Collected data:
··········

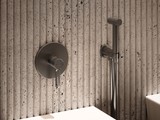 Metal w wersji premium. Gun metal w kolekcji armatury łazienkowej 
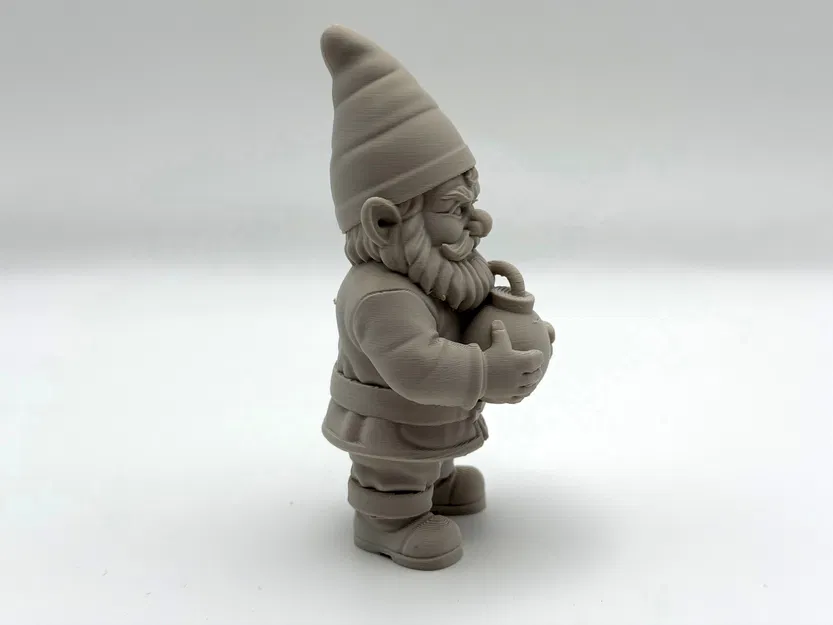 Bomb Garden Gnome – Tượng Gnome Ôm Bom Trang Trí - Image 3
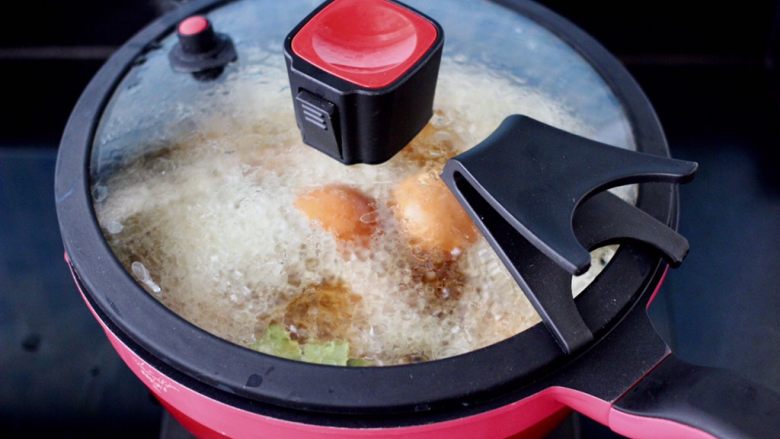 乌龙茶香卤鸡蛋,盖上锅盖大火煮5分钟后，关火焖至锅中汤汁自然凉就可以捞出享用了。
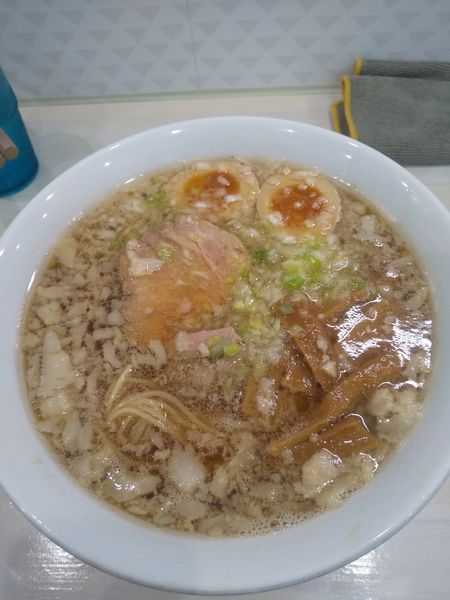「大盛中華そば800円煮玉子100円背脂つぶ100円」@中華そば ふくみみの写真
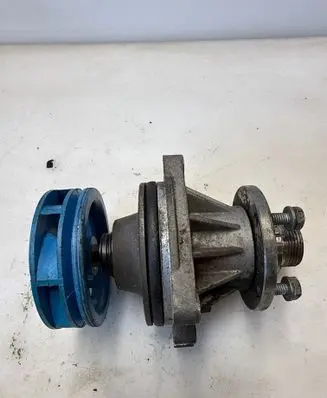 BMW 3 E46 Water pump 17317413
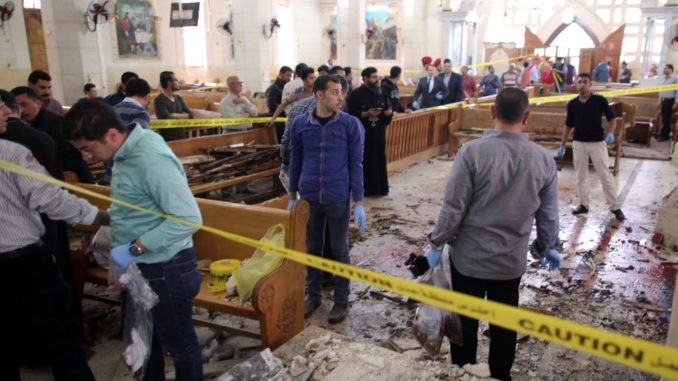 Estado Islámico atasca dos iglesias cristianas en Egipto, durante Domingo  de Ramos | La República EC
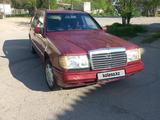 Mercedes-Benz E 200 1991 года за 750 000 тг. в Тараз – фото 2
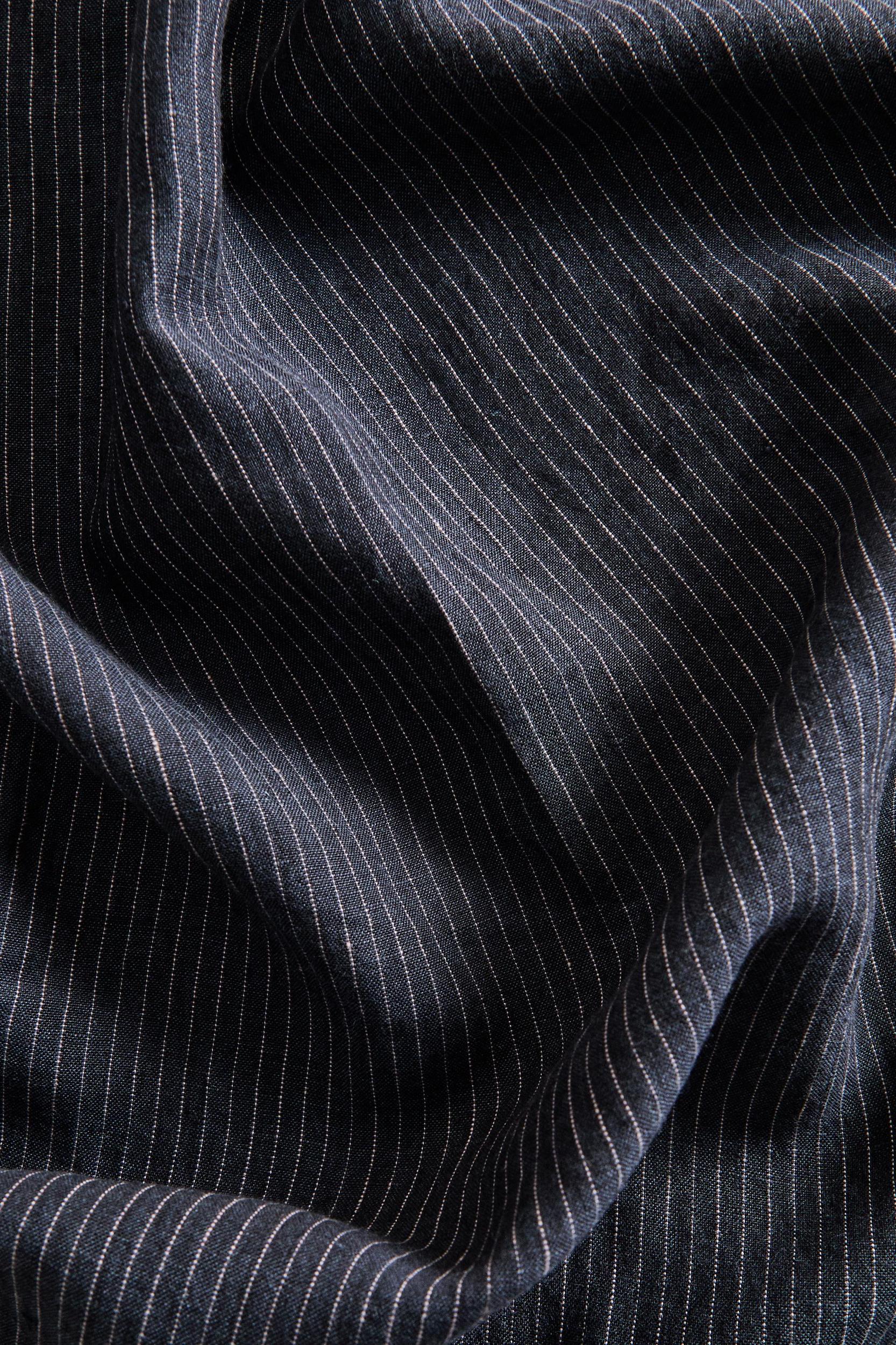 BEACH WRAP TOWEL WITH THIN STRIPES Product Image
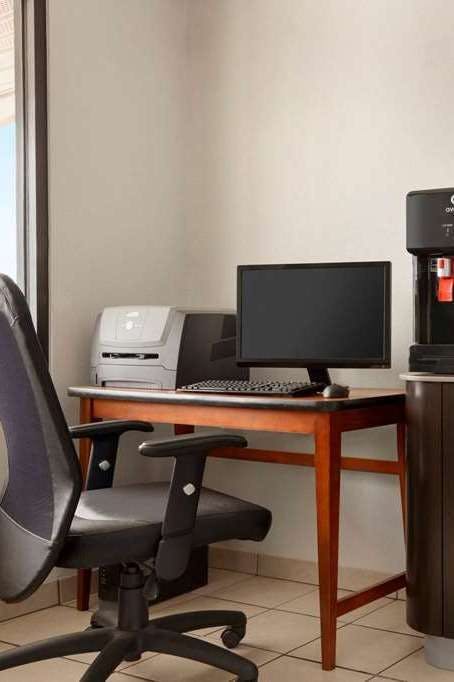 Hotel Howard Johnson by Wyndham Harrisonburg photo 4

··········

→ Work order
Restate, word for word, each line from the one with "BEACH WRAP TOWEL" to the end of the entries, both included, and keep every picture out.

→ Solution for this task
 BEACH WRAP TOWEL WITH THIN STRIPES Product Image
 Hotel Howard Johnson by Wyndham Harrisonburg photo 4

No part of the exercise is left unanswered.